Le curve dei tuoi fianchi
sono davvero un’opera d’arte.
Lì c’è una coppa rotonda;
che non manchi mai
di vino profumato!
Il tuo ventre è come un mucchio di grano
circondato da gigli.
I tuoi seni sono come due cerbiatti
o due gemelli di una gazzella.
Il tuo collo assomiglia alla Torre d’avorio.
I tuoi occhi sembrano i laghetti del Chesbon,
vicino alla porte di Bat-Rabbim.
Il tuo naso è come la Torre del Libano,
che sorveglia la città di Damasco.
La tua testa si erge fiera
come il monte Carmelo.
I tuoi capelli hanno riflessi color porpora;
un re è stato preso dalle tue trecce!”. – PdS.
Accanto alle similitudini viventi della natura, predominano come norma di rappresentazioni i capolavori dell’arte figurativa. Quando il collo e il naso vengono descritti come una torre, il pensiero non va all’aspetto ma all’atteggiamento di orgogliosa inavvicinabilità (che forse vuole sottintendere la verginità della ragazza).
Tuttavia, la bellezza è – al più – la penultima cosa. La bellezza non solo può essere pericolosa (Gn 12:11,12), ma può anche essere ingannevole. Pr 11:22 insegna a guardare più a fondo: “Una donna bella, ma senza giudizio, è un anello d’oro nel grifo di un porco”. E Pr 31:30 richiama a ciò che è più duraturo: “La grazia è ingannevole e la bellezza è cosa vana; ma la donna che teme il Signore è quella che sarà lodata”.
Is 53:2,3 del servo di Dio – che ha portato “le nostre malattie” (v. 4) e che “è stato trafitto a causa delle nostre trasgressioni, stroncato a causa delle nostre iniquità” (v. 5) – dice:
“Non aveva forma né bellezza da attirare i nostri sguardi,
né aspetto tale da piacerci.
Disprezzato e abbandonato dagli uomini,
uomo di dolore, familiare con la sofferenza,
pari a colui davanti al quale ciascuno si nasconde la faccia,
era spregiato, e noi non ne facemmo stima alcuna”.

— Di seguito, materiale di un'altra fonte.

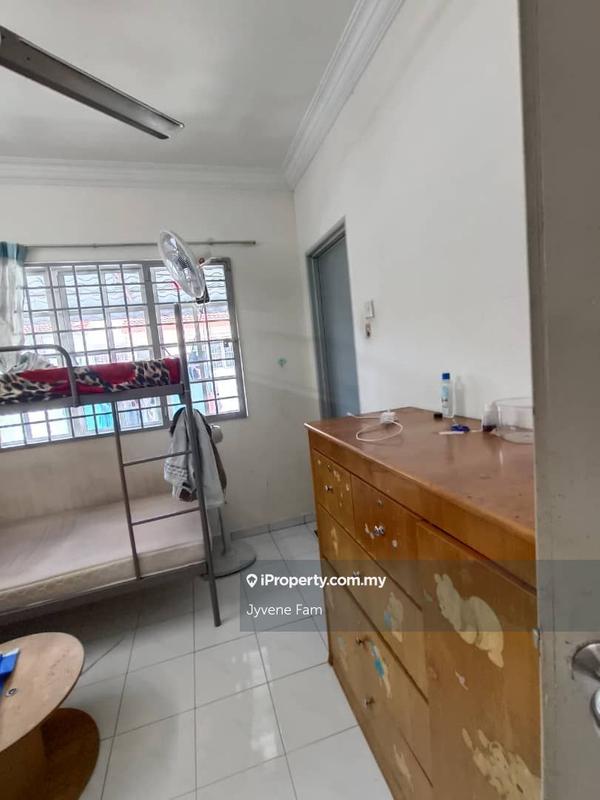 Rumah Berangkai 2 Tingkat untuk Dijual di Taman Taming Jaya, Balakong oleh Jyvene Fam - iProperty.com.my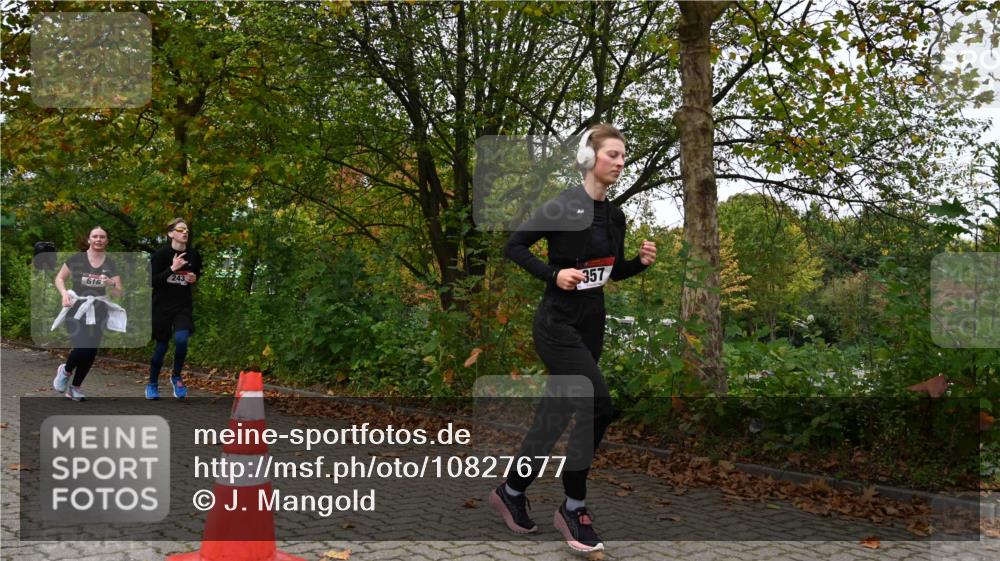 11.10.2026 - Bramfelder Halbmarathon 2026 J. Mangold http://msf.ph/oto/10827677 11.10.2026 10:42:46 Laufen 16, 243, 357, 616 meine-sportfotos.de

La bellezza è molto relativa. “Babilonia, lo splendore dei regni, la superba bellezza dei Caldei”, ebbene, “sarà come Sodoma e Gomorra quando Dio le distrusse” (Is 13:19; cfr. Ap 14:8;18:2,21). Satana era “di una bellezza perfetta” (Ez 28:12); di certo lo è ancora, sapendo travestirsi “da angelo di luce”. – 2Cor 11:14.